That's the most important here. Why does it look like that?
- why? It looks like I discovered 7,107 islands. Look at your forehead!
[laughs] - Alvin made this.
- You're such a "panginoo" (man with a big forehead) Look who's talking! Your hairline is higher than mine.
[laughs] Let's now try how this tastes. This kind of dish should be tried as a whole, not just a bit. Look at that! This is what you see in a bottle, the ones that your grandmother and aunt created. How much am I willing to pay for this?
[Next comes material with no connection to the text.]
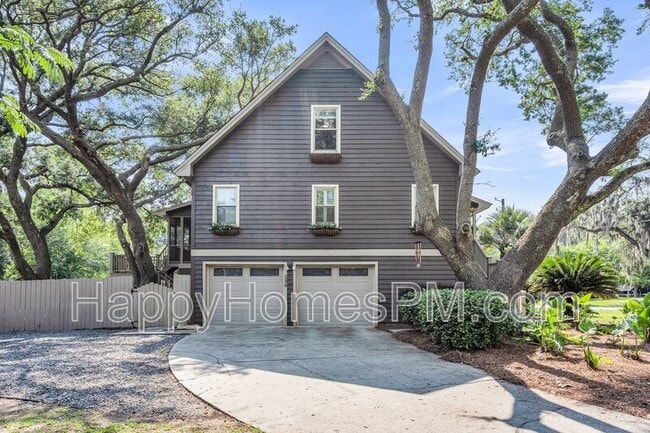 property at 236 Hawthorne St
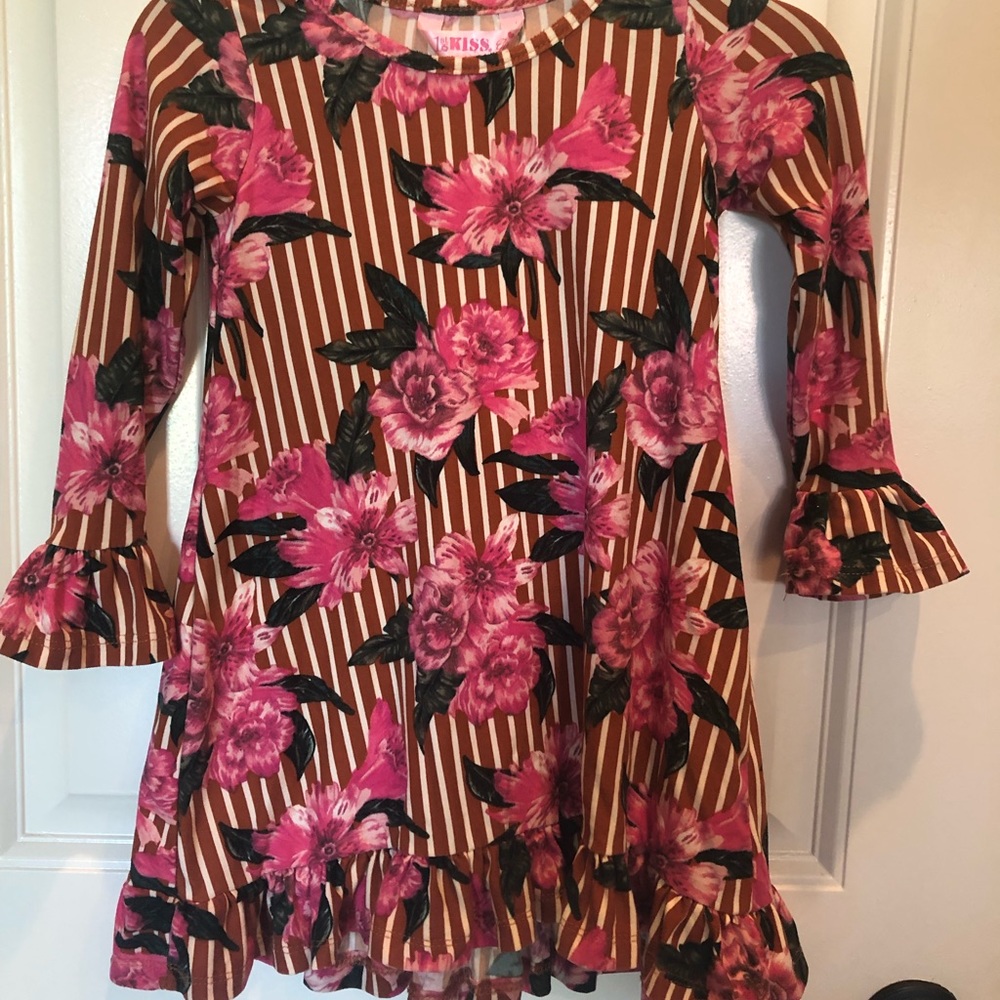 Girls dress ruffle sleeves and ruffle on bottom of dress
I consume this all at once. Because it tastes good, it's tender. I didn't spit something, like a Python. I didn't taste any fish bones. Now let's try the head. Put it into our mouth. It's so tender. This tastes so good! And we can put a lot more on this. We can put a lot of different spices. You know that? There's a lot you can bring in. You can put onions, for sure.
And you can put chicken oil, too! Have you seen a red version of this? But since this is for business, don't claim that you're using chicken oil. Just say atsuete oil. So now, we'll just go to the office and we'll make the costing. We'll show it after. - are we going to eat yet?
- we're still working, and all you think is to eat! - are you hungry? Come over here!
- there you go! My arms hurt. I just finished doing the costing of our
Spanish Style Bangus. It's right here on your screen.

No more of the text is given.